**TASK GOAL**. Keep only those lines of the records that include the string "Photo".

**INFORMATION GIVEN**.
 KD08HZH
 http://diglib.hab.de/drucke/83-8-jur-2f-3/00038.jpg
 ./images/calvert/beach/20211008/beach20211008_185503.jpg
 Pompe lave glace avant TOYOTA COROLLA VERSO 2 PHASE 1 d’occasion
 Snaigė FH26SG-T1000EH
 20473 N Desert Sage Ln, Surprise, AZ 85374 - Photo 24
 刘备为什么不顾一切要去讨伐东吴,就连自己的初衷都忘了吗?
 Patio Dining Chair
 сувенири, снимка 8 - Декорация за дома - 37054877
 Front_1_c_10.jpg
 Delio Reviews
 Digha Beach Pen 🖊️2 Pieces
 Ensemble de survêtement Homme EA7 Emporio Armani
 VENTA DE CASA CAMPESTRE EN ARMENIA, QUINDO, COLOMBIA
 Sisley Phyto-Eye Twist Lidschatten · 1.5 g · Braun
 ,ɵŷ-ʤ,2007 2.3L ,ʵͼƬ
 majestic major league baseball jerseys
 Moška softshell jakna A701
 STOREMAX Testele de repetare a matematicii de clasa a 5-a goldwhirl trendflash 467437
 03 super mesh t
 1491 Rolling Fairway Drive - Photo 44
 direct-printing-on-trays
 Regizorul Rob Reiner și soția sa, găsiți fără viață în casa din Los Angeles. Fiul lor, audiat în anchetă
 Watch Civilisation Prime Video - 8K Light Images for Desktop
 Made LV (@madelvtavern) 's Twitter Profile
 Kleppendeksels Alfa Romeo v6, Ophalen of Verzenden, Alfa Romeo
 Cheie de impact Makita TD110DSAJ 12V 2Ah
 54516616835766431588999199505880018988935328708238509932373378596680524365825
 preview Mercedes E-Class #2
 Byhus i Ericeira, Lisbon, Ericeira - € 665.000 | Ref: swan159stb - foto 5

**TASK RESPONSE**.
 20473 N Desert Sage Ln, Surprise, AZ 85374 - Photo 24
 1491 Rolling Fairway Drive - Photo 44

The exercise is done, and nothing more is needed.